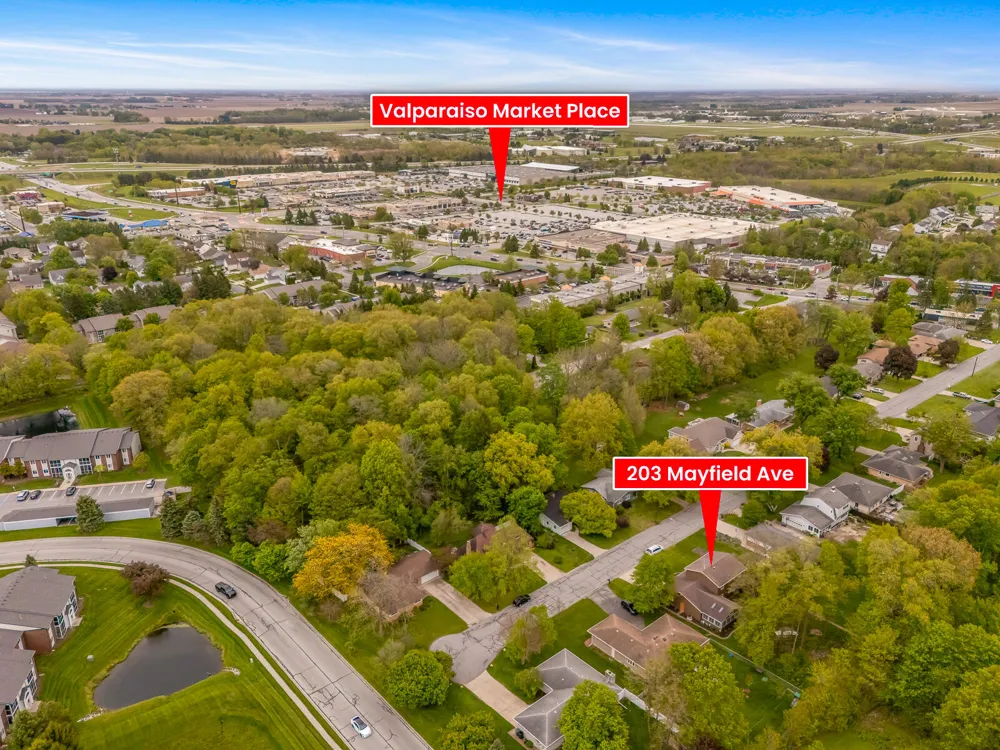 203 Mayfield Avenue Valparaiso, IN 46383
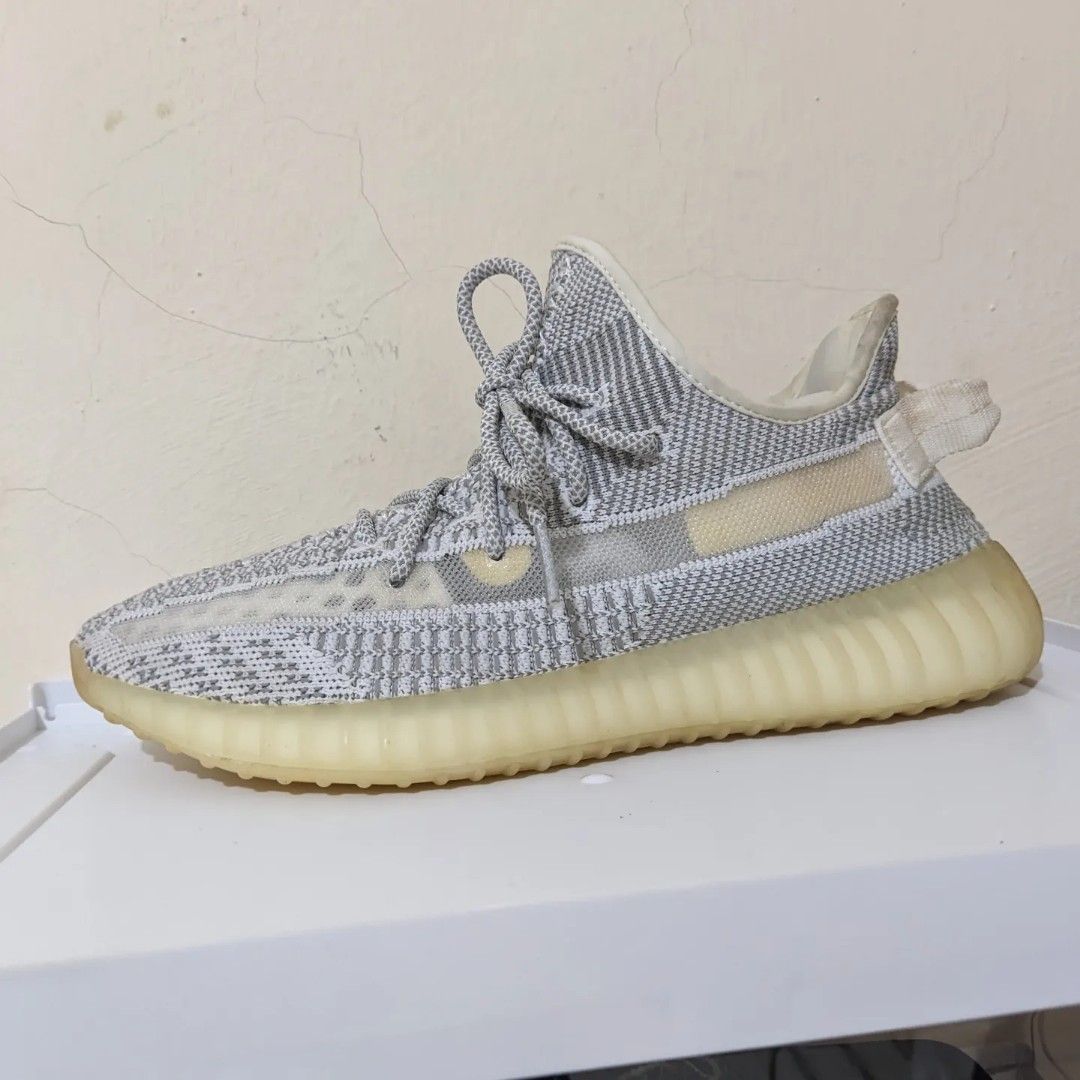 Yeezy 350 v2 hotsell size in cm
...
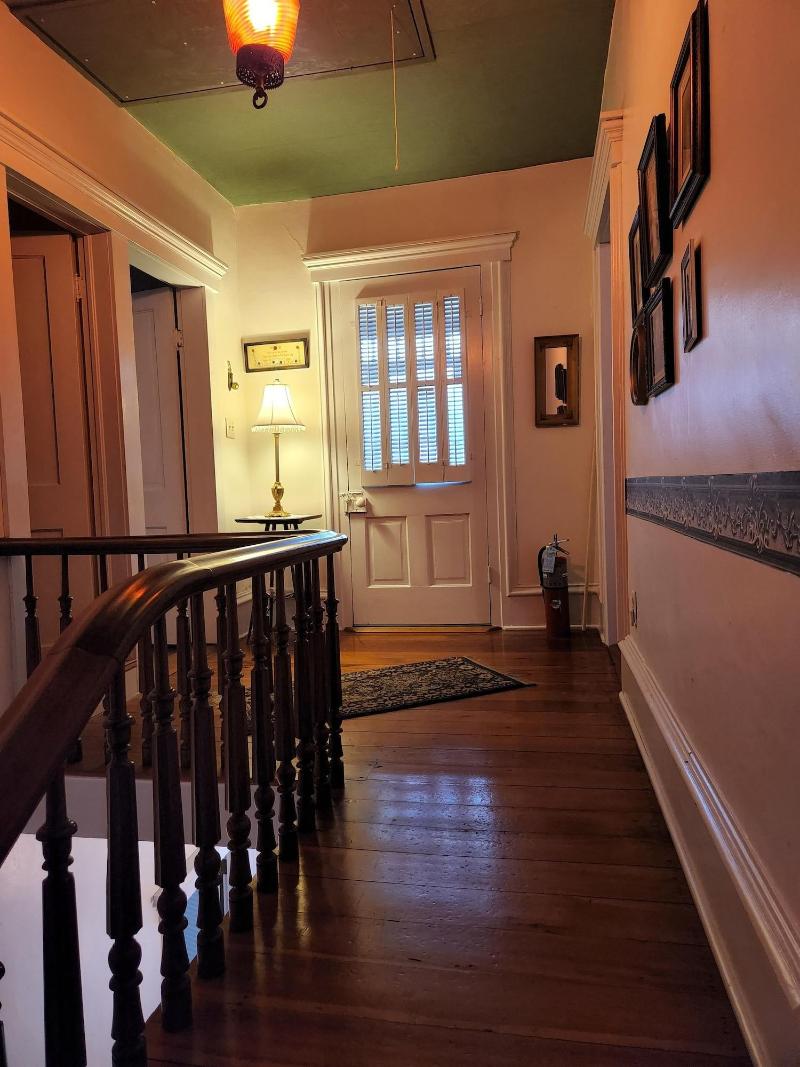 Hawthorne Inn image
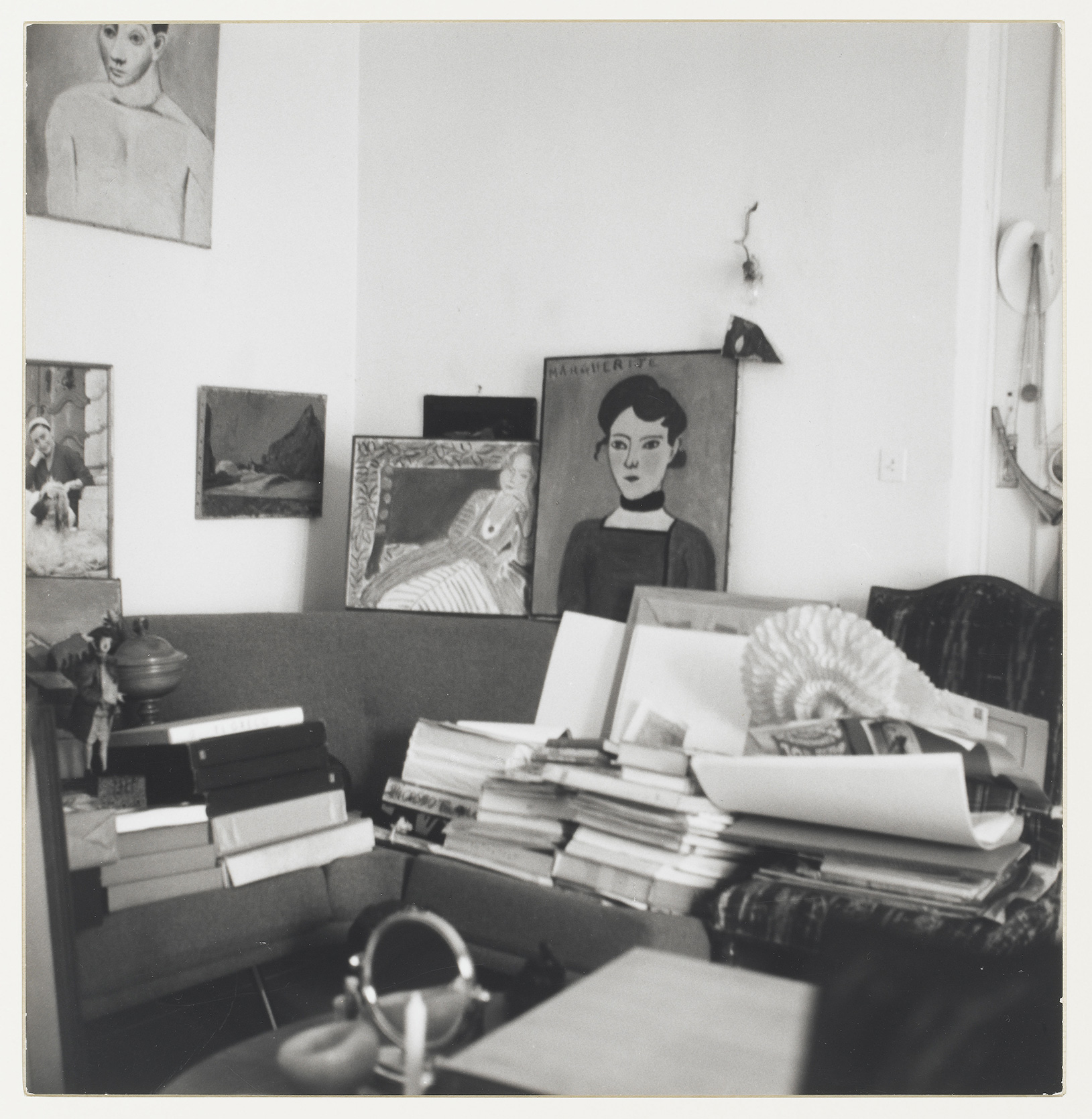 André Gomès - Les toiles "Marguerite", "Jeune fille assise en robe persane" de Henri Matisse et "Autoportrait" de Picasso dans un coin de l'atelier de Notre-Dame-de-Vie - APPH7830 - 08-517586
...
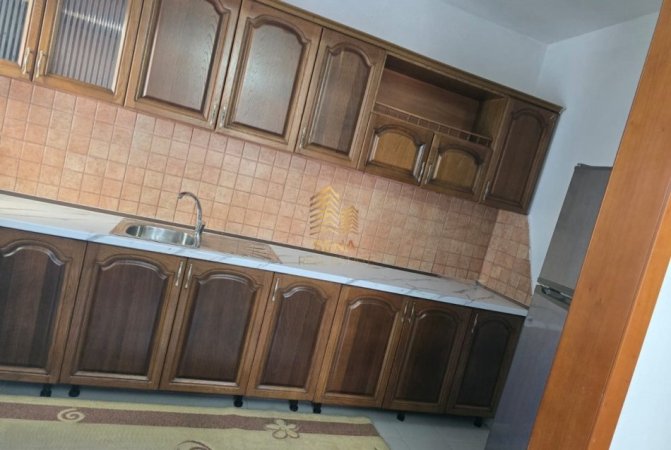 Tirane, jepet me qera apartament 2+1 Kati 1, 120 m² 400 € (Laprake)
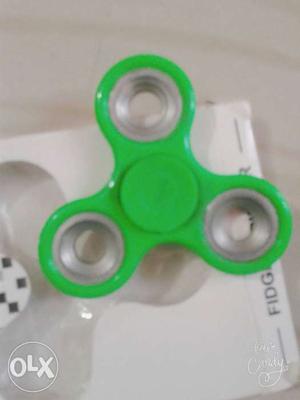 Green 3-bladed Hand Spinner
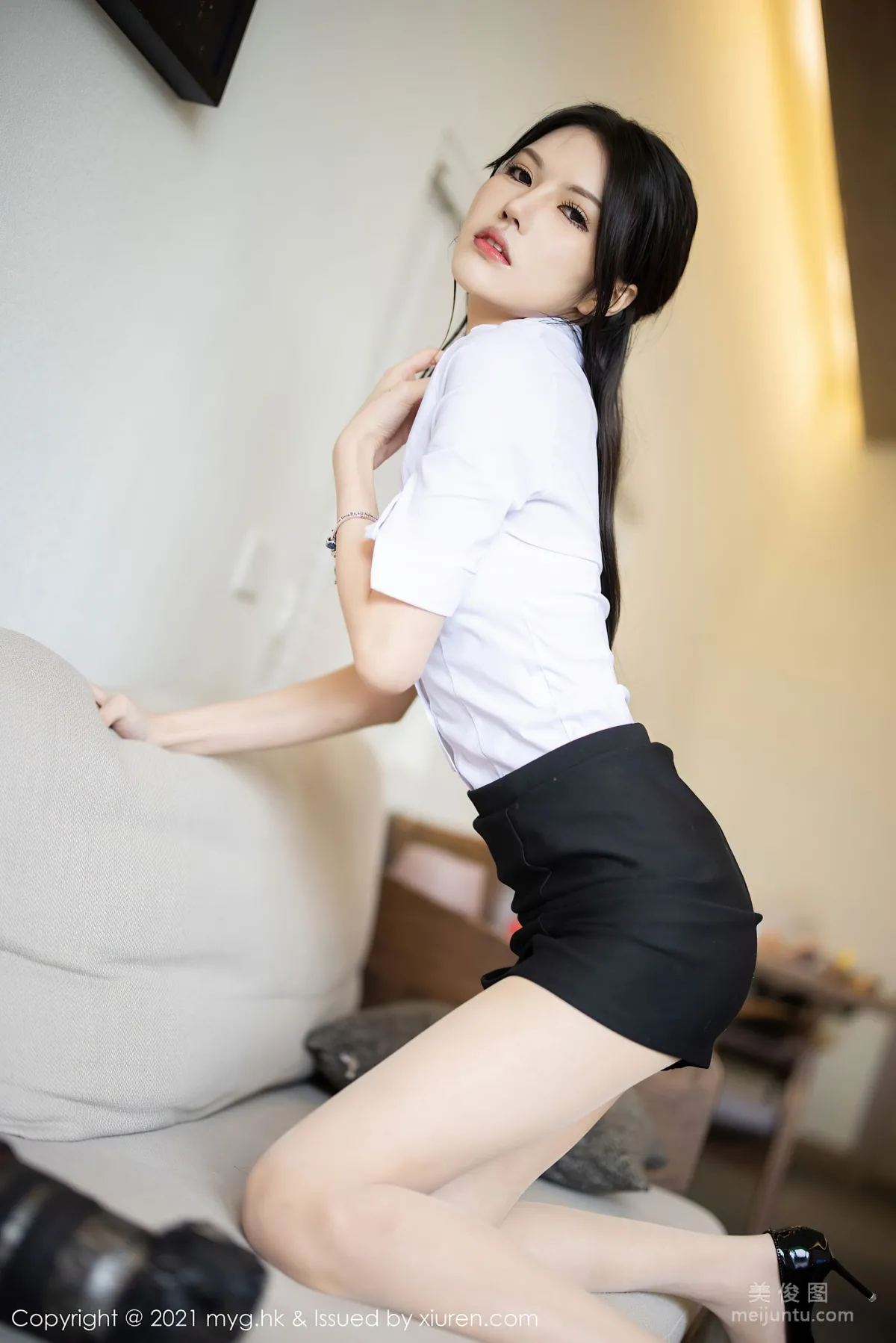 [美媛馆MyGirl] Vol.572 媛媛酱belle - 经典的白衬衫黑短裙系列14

● **Problem**
Each line above starting at the one holding "203 Mayfield Avenue Valparaiso, IN 46383" and ending at the one holding "Yeezy 350 v2 hotsell size in cm" should be set down exactly as it stands, both ends included, with no pictures.

● **Your response**
 203 Mayfield Avenue Valparaiso, IN 46383
 Yeezy 350 v2 hotsell size in cm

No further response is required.